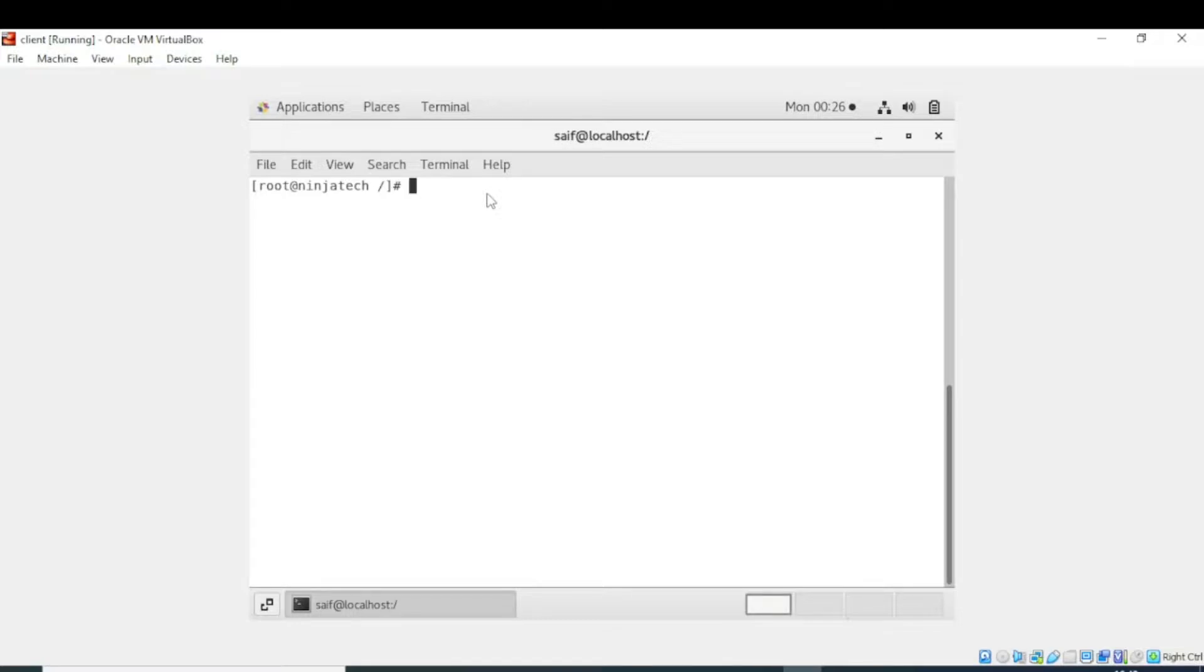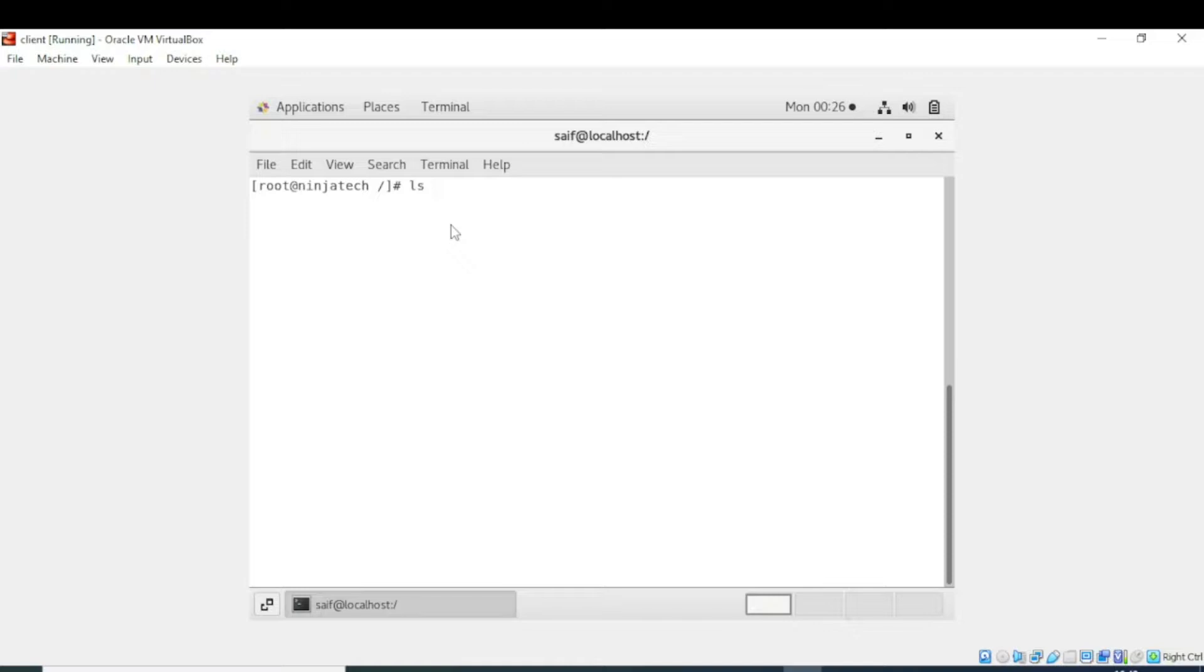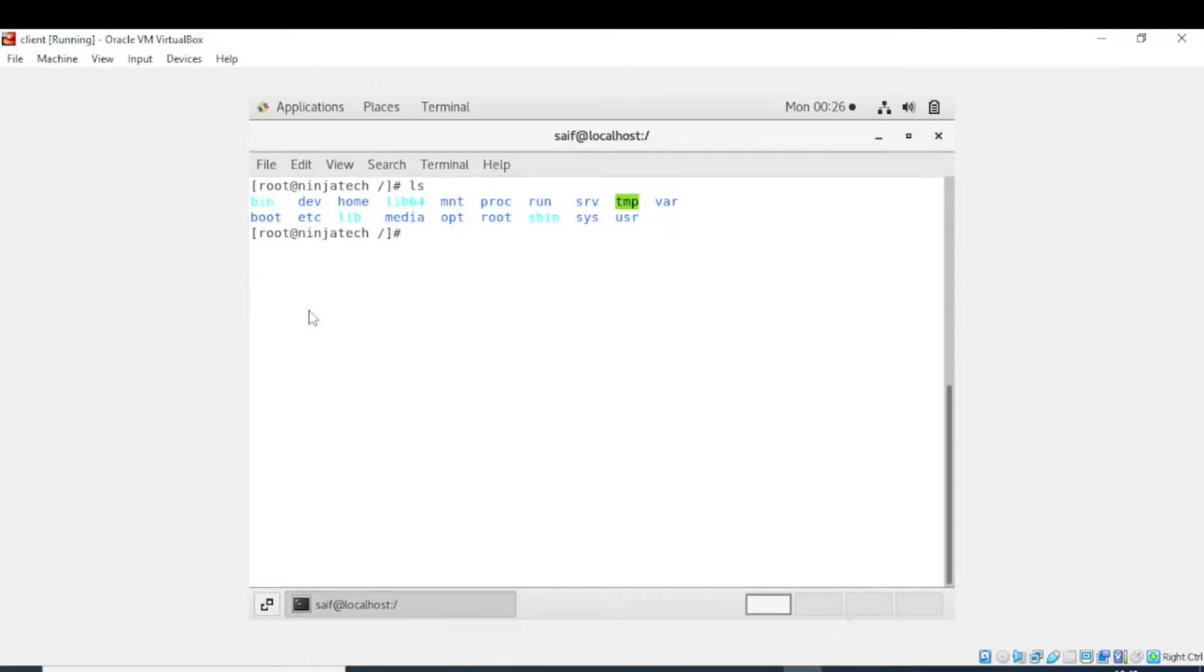Either we can use its short form, CD. Now I am in the root directory. I am going to list what type of content is in root directory. For this purpose, write ls. Now we can see there is a directory etc. Let's go into etc directory.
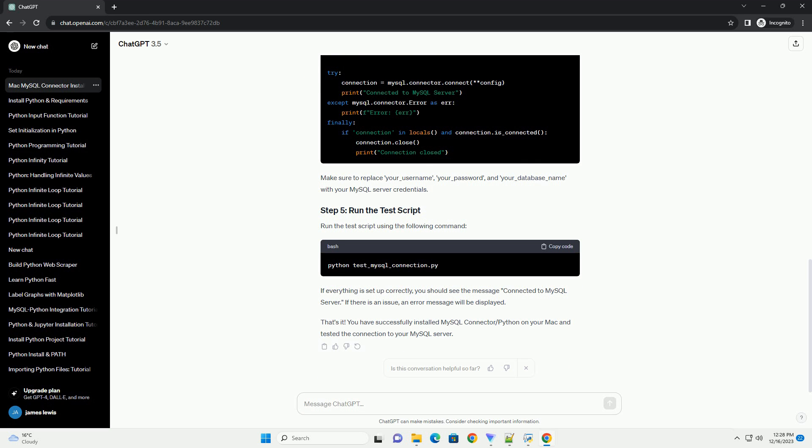Now that you have MySQL server installed, you can install the MySQL connector for Python using the pip package manager. Open your terminal and run the following command. This will download and install the MySQL connector for Python.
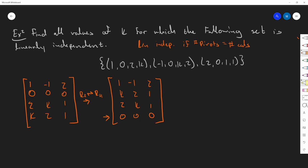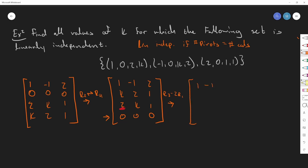Now we put this in reduced echelon form. Starting with the most obvious step: getting rid of the 2 using row 3 minus 2 times row 1. That gives us row 3 as (-1, 2, k) becoming (1, -1, 2, k) ... and the last row becomes (0, k+2, 2, -3) — wait, one minus two times two is negative three.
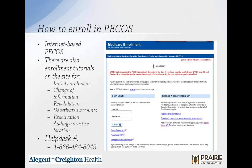With internet-based PECOS, this is a scenario-driven application. It presents a series of questions to obtain only the information needed to process a specific enrollment scenario. If you have problems along the way, simply call their Help Desk at 1-866-484-8049. They prefer you to do it electronically, but you can call them and they'll be very helpful. To complete each task, simply enter the required information and navigate through the screens.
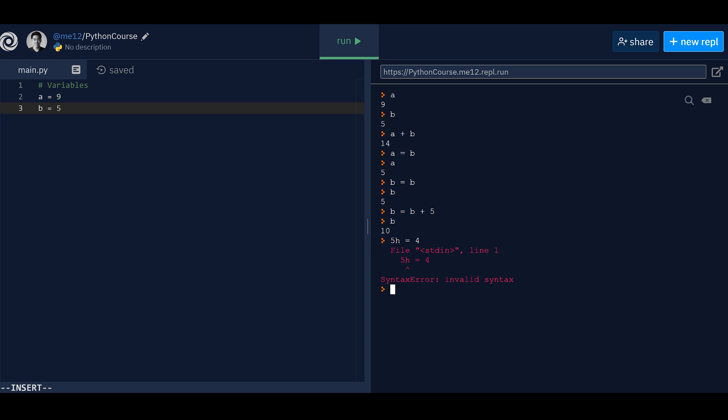this is important. Whenever you see red stuff, it means it's an error. Don't be afraid of these things. They actually are trying to explain to you what the error is. And usually, maybe it's a little bit cryptic. Sometimes error messages are not that great because they don't explain it very well. But once you understand the vocabulary, because you see it more and more, it will be a lot easier, right? So here it says syntax error.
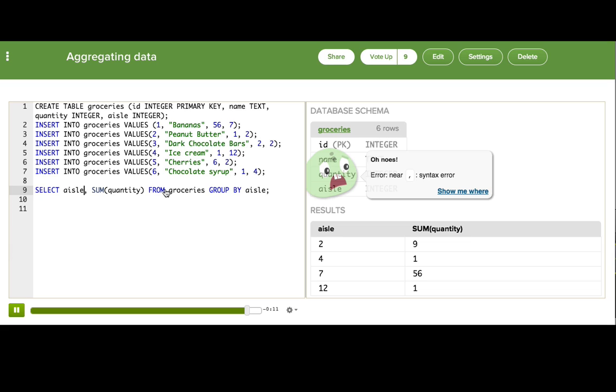Okay, so great. You've seen aggregate functions, you've seen group by, and now you can efficiently gather useful statistics on your data. Another tool for your SQL toolbox.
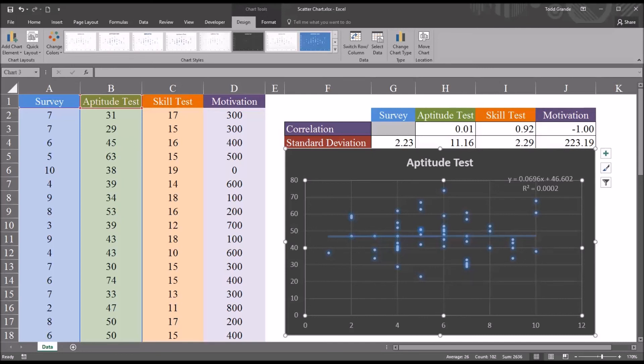I hope you found this video on creating a scatter plot in Excel to be useful. As always, if you have any questions or concerns, feel free to contact me and I'll be happy to assist you.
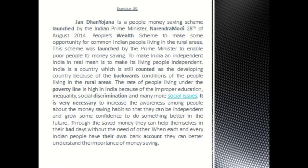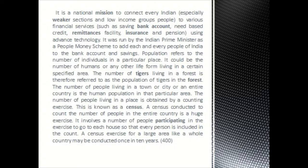It is very necessary to increase the awareness among people about the money saving habit so that they can be independent and grow some confidence to do something better in the future. Through the saved money they can help themselves in their bad days without the need of others. When each and every Indian people have their own bank account, they can better understand the importance of money saving. It is a national mission to connect every Indian, especially weaker sections and low income groups, to various financial services such as saving bank account, need-based credit, remittances facility, insurance and pension using advanced technology. It was run by the Indian Prime Minister as a people money scheme to add each and every people of India to the bank account and savings.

++++

Please print an exact copy of the records, with no pictures.

Either we can use its short form, CD. Now I am in the root directory. I am going to list what type of content is in root directory. For this purpose, write ls. Now we can see there is a directory etc. Let's go into etc directory.
Now that you have MySQL server installed, you can install the MySQL connector for Python using the pip package manager. Open your terminal and run the following command. This will download and install the MySQL connector for Python.
Now we put this in reduced echelon form. Starting with the most obvious step: getting rid of the 2 using row 3 minus 2 times row 1. That gives us row 3 as (-1, 2, k) becoming (1, -1, 2, k) ... and the last row becomes (0, k+2, 2, -3) — wait, one minus two times two is negative three.
With internet-based PECOS, this is a scenario-driven application. It presents a series of questions to obtain only the information needed to process a specific enrollment scenario. If you have problems along the way, simply call their Help Desk at 1-866-484-8049. They prefer you to do it electronically, but you can call them and they'll be very helpful. To complete each task, simply enter the required information and navigate through the screens.
this is important. Whenever you see red stuff, it means it's an error. Don't be afraid of these things. They actually are trying to explain to you what the error is. And usually, maybe it's a little bit cryptic. Sometimes error messages are not that great because they don't explain it very well. But once you understand the vocabulary, because you see it more and more, it will be a lot easier, right? So here it says syntax error.
Okay, so great. You've seen aggregate functions, you've seen group by, and now you can efficiently gather useful statistics on your data. Another tool for your SQL toolbox.
I hope you found this video on creating a scatter plot in Excel to be useful. As always, if you have any questions or concerns, feel free to contact me and I'll be happy to assist you.
It is very necessary to increase the awareness among people about the money saving habit so that they can be independent and grow some confidence to do something better in the future. Through the saved money they can help themselves in their bad days without the need of others. When each and every Indian people have their own bank account, they can better understand the importance of money saving. It is a national mission to connect every Indian, especially weaker sections and low income groups, to various financial services such as saving bank account, need-based credit, remittances facility, insurance and pension using advanced technology. It was run by the Indian Prime Minister as a people money scheme to add each and every people of India to the bank account and savings.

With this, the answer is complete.